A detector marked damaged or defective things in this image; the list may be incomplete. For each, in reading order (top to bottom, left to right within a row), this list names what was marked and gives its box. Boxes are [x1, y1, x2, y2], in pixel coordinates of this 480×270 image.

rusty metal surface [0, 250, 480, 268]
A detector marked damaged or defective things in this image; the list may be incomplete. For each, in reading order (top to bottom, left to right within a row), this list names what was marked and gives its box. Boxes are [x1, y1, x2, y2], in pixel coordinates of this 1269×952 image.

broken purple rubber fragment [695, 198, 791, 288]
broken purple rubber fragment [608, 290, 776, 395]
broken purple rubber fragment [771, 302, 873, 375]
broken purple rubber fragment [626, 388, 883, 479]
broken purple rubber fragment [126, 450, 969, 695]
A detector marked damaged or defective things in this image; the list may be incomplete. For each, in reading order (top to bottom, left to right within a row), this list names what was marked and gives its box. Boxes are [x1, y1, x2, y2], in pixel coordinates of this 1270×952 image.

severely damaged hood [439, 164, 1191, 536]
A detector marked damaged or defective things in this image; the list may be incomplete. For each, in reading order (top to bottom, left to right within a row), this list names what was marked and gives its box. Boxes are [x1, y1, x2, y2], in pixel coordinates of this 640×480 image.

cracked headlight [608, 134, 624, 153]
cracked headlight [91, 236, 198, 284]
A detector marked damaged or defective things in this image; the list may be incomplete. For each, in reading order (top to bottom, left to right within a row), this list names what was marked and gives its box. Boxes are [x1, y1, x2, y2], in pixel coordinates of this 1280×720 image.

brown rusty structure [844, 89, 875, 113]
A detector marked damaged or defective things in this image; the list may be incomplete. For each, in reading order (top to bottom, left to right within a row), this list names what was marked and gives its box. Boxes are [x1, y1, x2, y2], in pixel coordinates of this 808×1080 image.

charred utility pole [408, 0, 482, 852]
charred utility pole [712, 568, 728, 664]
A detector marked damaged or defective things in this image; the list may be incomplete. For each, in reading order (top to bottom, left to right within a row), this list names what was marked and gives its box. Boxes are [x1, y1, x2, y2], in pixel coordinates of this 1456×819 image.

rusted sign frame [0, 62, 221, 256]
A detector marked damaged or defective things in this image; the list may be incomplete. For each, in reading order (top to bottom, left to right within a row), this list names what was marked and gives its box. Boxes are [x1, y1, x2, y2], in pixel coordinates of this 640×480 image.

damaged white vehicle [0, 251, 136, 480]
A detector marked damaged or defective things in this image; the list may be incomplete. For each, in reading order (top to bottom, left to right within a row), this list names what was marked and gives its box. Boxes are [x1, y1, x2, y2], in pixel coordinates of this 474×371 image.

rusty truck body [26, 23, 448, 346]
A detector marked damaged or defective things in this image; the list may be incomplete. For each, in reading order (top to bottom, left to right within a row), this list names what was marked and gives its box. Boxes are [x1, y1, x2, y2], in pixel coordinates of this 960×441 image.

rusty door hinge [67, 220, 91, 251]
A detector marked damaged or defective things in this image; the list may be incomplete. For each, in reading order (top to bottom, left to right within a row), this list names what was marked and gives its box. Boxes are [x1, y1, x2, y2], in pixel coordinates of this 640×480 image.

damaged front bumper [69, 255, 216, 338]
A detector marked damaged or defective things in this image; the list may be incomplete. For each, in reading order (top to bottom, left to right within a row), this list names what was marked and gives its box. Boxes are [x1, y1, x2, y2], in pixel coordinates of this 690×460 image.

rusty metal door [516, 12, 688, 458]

◆ TASK INSTRUCTIONS ◆
Could you return all of the data exactly as written?

◆ YOUR RESPONSE ◆
A detector marked damaged or defective things in this image; the list may be incomplete. For each, in reading order (top to bottom, left to right within a row), this list names what was marked and gives its box. Boxes are [x1, y1, x2, y2], in pixel coordinates of this 480×270 image.

rusty metal surface [0, 250, 480, 268]
A detector marked damaged or defective things in this image; the list may be incomplete. For each, in reading order (top to bottom, left to right within a row), this list names what was marked and gives its box. Boxes are [x1, y1, x2, y2], in pixel coordinates of this 1269×952 image.

broken purple rubber fragment [695, 198, 791, 288]
broken purple rubber fragment [608, 290, 776, 395]
broken purple rubber fragment [771, 302, 873, 375]
broken purple rubber fragment [626, 388, 883, 479]
broken purple rubber fragment [126, 450, 969, 695]
A detector marked damaged or defective things in this image; the list may be incomplete. For each, in reading order (top to bottom, left to right within a row), this list names what was marked and gives its box. Boxes are [x1, y1, x2, y2], in pixel coordinates of this 1270×952 image.

severely damaged hood [439, 164, 1191, 536]
A detector marked damaged or defective things in this image; the list may be incomplete. For each, in reading order (top to bottom, left to right within a row), this list names what was marked and gives its box. Boxes are [x1, y1, x2, y2], in pixel coordinates of this 640×480 image.

cracked headlight [608, 134, 624, 153]
cracked headlight [91, 236, 198, 284]
A detector marked damaged or defective things in this image; the list may be incomplete. For each, in reading order (top to bottom, left to right within a row), this list names what was marked and gives its box. Boxes are [x1, y1, x2, y2], in pixel coordinates of this 1280×720 image.

brown rusty structure [844, 89, 875, 113]
A detector marked damaged or defective things in this image; the list may be incomplete. For each, in reading order (top to bottom, left to right within a row), this list names what was marked and gives its box. Boxes are [x1, y1, x2, y2], in pixel coordinates of this 808×1080 image.

charred utility pole [408, 0, 482, 852]
charred utility pole [712, 568, 728, 664]
A detector marked damaged or defective things in this image; the list may be incomplete. For each, in reading order (top to bottom, left to right within a row), this list names what was marked and gives its box. Boxes are [x1, y1, x2, y2], in pixel coordinates of this 1456×819 image.

rusted sign frame [0, 62, 221, 256]
A detector marked damaged or defective things in this image; the list may be incomplete. For each, in reading order (top to bottom, left to right within a row), this list names what was marked and gives its box. Boxes are [x1, y1, x2, y2], in pixel coordinates of this 640×480 image.

damaged white vehicle [0, 251, 136, 480]
A detector marked damaged or defective things in this image; the list may be incomplete. For each, in reading order (top to bottom, left to right within a row), this list names what was marked and gives its box. Boxes are [x1, y1, x2, y2], in pixel coordinates of this 474×371 image.

rusty truck body [26, 23, 448, 346]
A detector marked damaged or defective things in this image; the list may be incomplete. For each, in reading order (top to bottom, left to right within a row), this list names what was marked and gives its box. Boxes are [x1, y1, x2, y2], in pixel coordinates of this 960×441 image.

rusty door hinge [67, 220, 91, 251]
A detector marked damaged or defective things in this image; the list may be incomplete. For each, in reading order (top to bottom, left to right within a row), this list names what was marked and gives its box. Boxes are [x1, y1, x2, y2], in pixel coordinates of this 640×480 image.

damaged front bumper [69, 255, 216, 338]
A detector marked damaged or defective things in this image; the list may be incomplete. For each, in reading order (top to bottom, left to right within a row), this list names what was marked and gives its box. Boxes are [x1, y1, x2, y2], in pixel coordinates of this 690×460 image.

rusty metal door [516, 12, 688, 458]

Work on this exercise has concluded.